| Requirement |
Look through the data below for the line with "27. Noordkant keuken aan het terras 2009", and transcribe it exactly together with each line after it up to and including the line with "2025 MasterCraft XT22 - Image 3". Give nothing else.

| Records for the exercise |
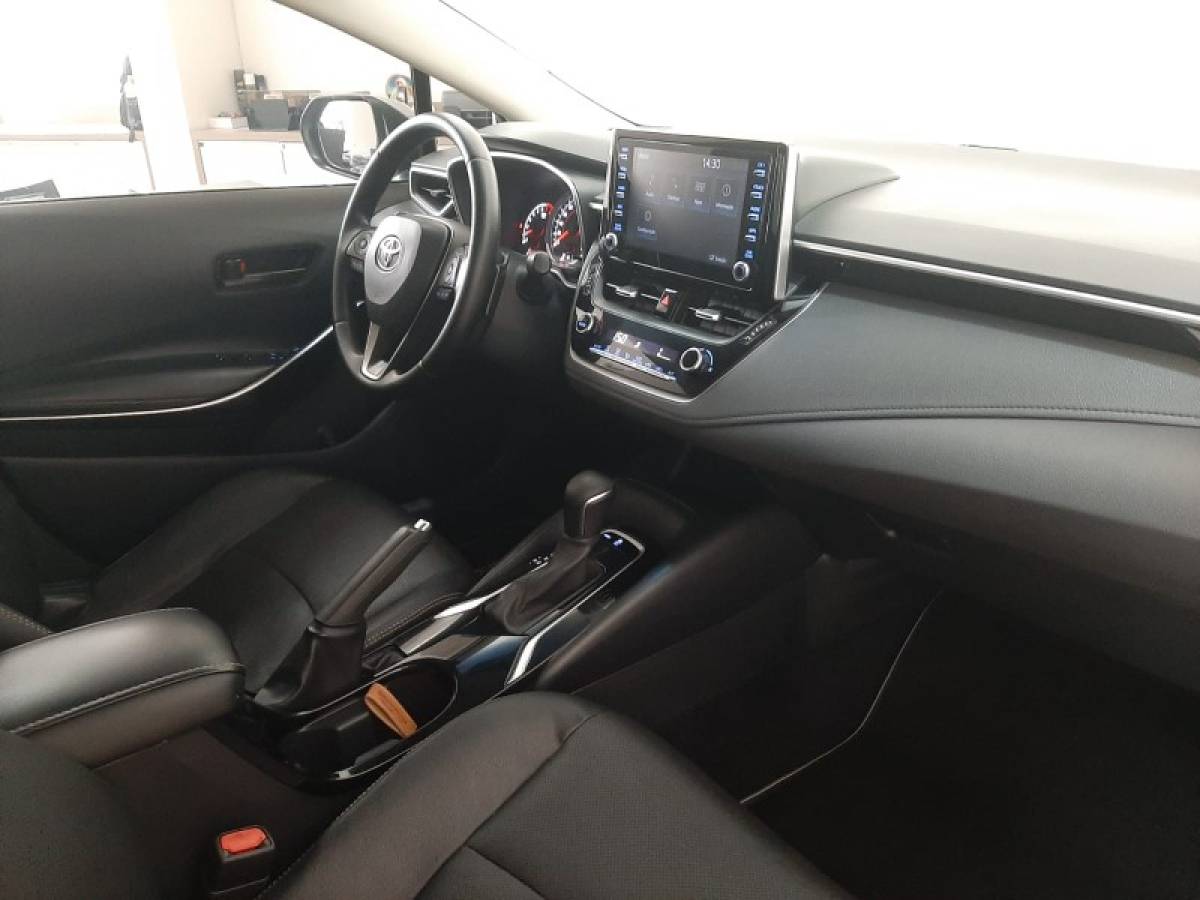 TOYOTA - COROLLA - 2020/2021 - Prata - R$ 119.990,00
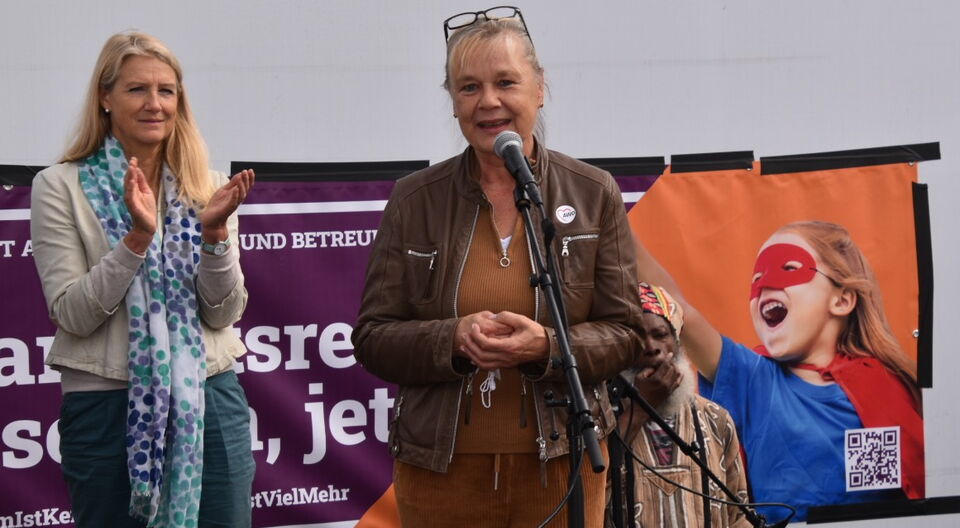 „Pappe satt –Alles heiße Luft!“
--
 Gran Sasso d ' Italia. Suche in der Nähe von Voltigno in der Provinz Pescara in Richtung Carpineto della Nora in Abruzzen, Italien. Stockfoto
---
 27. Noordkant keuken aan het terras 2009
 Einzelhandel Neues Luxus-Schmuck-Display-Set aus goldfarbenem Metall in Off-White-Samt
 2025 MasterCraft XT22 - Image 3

| Result |
 27. Noordkant keuken aan het terras 2009
 Einzelhandel Neues Luxus-Schmuck-Display-Set aus goldfarbenem Metall in Off-White-Samt
 2025 MasterCraft XT22 - Image 3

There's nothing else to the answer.